15 Temmuz 2016 Cuma akşamı TSK içine sızmış bir grup  Fethullah'cı (FETÖ)  Cunta tarafından kalkışılan darbe girişimi başta Cumhurbaşkanımız R.Tayyip Erdoğan'ın basiretli,dirayetli ve cesaretli duruşu,TBMM Başkan ve üyelerinin, Hükümetin,sendika ve sivil toplum kuruluşlarımızın,siyasi partilerimizin ve basınımızın kahramanca direnişleri neticesinde bastırılmıştır. Allah milletimize böyle bir ihaneti yaşatmasın.

    Türk Silahlı Kuvvetleri  ve Emniyet Teşkilatı  içinde darbeye kalkışan, yargıda darbeyi meşrulaştıran ve darbenin önündeki engelleri aşacak kararların altında imzası bulunan yargıçların yanı sıra  Kamu kurumlarında  FETÖ yanlısı kabul edilen  bir kısım kamu görevlisi de ya memuriyetten atılmış ya da işten el çektirilmiştir. Bunların içerisinde FETÖ ile hiç bir ilgisi olmadığını ancak hangi sebepten dolayı FETÖ yanlısı olarak itham edildiğini bilmeyenlerin sayısı tüyleri ürpertecek boyuttadır.
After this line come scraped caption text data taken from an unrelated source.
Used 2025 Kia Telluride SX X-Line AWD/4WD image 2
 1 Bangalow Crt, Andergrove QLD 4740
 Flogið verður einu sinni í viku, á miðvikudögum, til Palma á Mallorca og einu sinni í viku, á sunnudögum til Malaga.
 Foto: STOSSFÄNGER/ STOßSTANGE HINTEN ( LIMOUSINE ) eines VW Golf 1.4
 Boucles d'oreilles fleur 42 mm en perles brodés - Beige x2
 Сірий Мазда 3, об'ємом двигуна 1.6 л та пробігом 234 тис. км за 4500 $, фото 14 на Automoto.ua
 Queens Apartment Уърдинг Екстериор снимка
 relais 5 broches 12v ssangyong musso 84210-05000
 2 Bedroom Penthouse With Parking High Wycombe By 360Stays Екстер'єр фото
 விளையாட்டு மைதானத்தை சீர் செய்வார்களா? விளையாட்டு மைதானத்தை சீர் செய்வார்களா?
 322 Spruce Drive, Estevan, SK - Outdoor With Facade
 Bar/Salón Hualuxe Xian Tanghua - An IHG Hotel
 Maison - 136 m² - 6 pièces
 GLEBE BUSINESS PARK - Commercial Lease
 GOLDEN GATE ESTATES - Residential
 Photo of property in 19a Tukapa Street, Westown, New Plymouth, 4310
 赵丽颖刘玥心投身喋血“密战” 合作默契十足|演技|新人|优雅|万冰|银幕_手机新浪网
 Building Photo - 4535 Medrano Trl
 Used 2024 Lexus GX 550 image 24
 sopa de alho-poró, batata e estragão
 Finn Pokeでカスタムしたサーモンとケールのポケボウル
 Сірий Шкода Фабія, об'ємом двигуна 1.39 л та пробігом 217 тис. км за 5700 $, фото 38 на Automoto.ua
    Görevden atılmalar ve işten el çektirmeler bazı kurumlarda hiç bir haksız uygulamaya yer verilmeyecek şekilde  titizlikle yürütülürken, ne yazık ki bazı kurumlarındaki sorumlular hiç bir inceleme ve araştırmaya tabi tutulmadan FETÖ  ile organik ve inorganik bağı bulunmayan, bulunması mümkün olmayan  kamu görevlileri dünyanın en alçak,en adi,en şerefsiz,en hain en münafık  örgütünün içine yazılmak suretiyle en az FETÖ kadar bir acımazsızlığın altına imza atmışlardır.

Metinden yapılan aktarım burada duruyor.